# WORK TO COMPLETE
Please copy exactly the line that contains "Skyfall Suites - Adults Only" and every line after it through the end of the records, leaving the pictures out.

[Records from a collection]
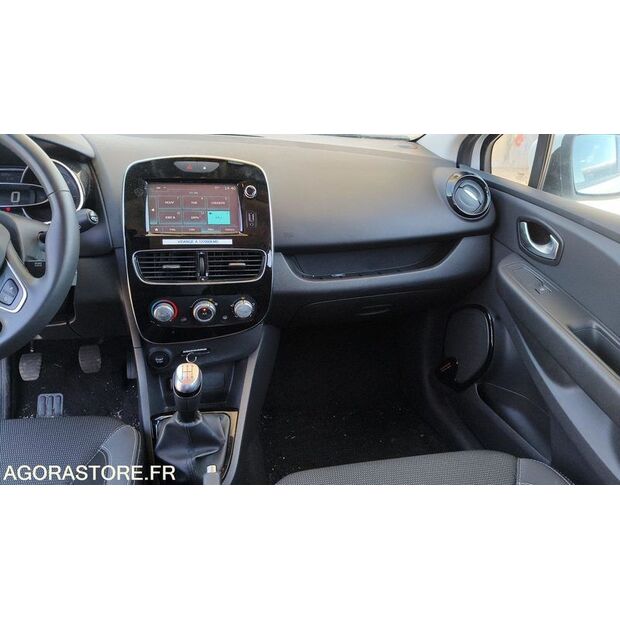 2017 رينو Clio-47810631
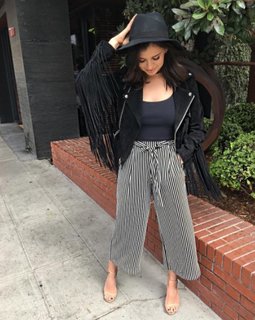 Rebecca Black feet photo thumbnail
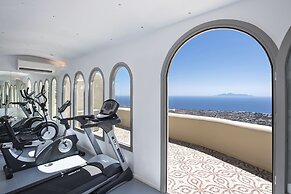Skyfall Suites - Adults Only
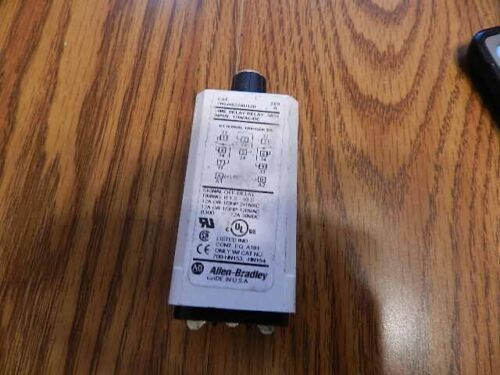 Allen Bradley 700-Hs22Au120 /A Time Delay Relay 120V Ac/Dc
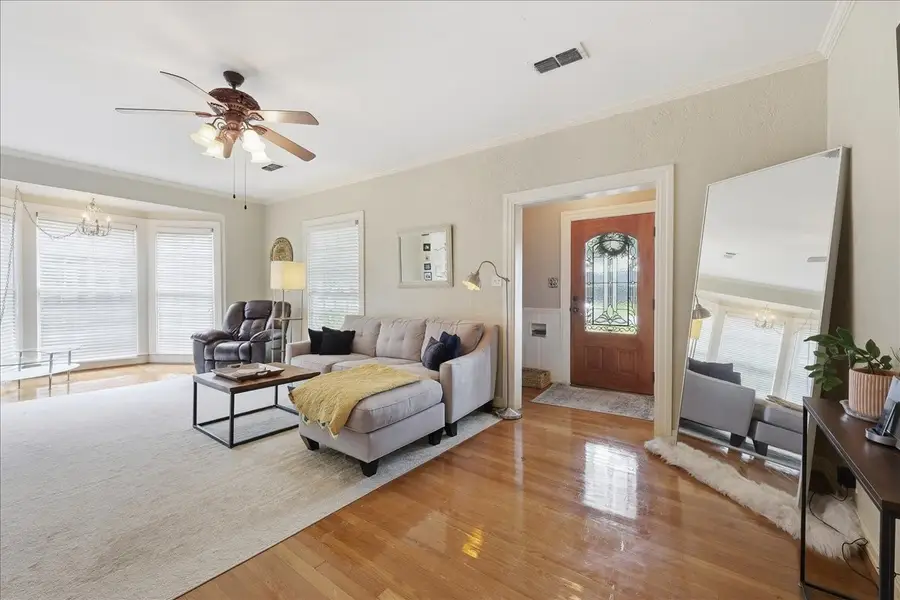 265 W Caldwood Drive, Beaumont, TX 77707 - #3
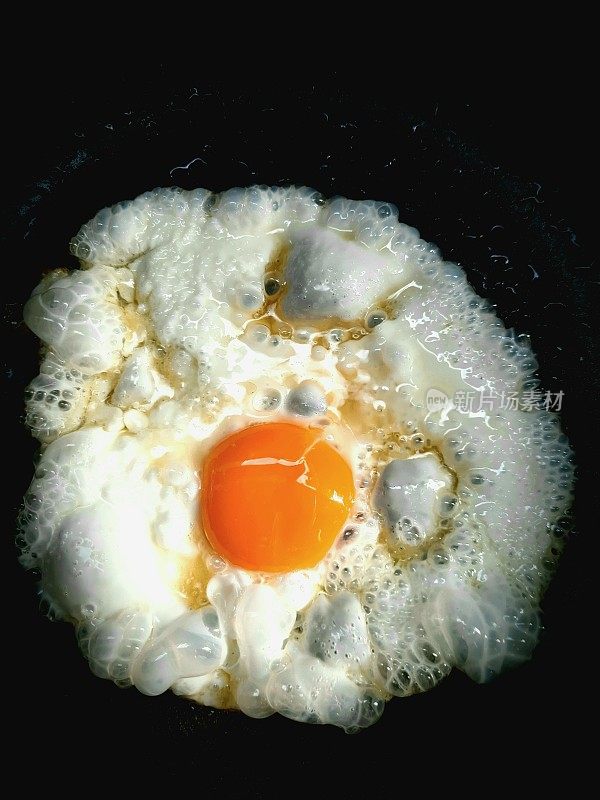 用平底锅煎蛋。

# YOUR SOLUTION
Skyfall Suites - Adults Only
 Allen Bradley 700-Hs22Au120 /A Time Delay Relay 120V Ac/Dc
 265 W Caldwood Drive, Beaumont, TX 77707 - #3
 用平底锅煎蛋。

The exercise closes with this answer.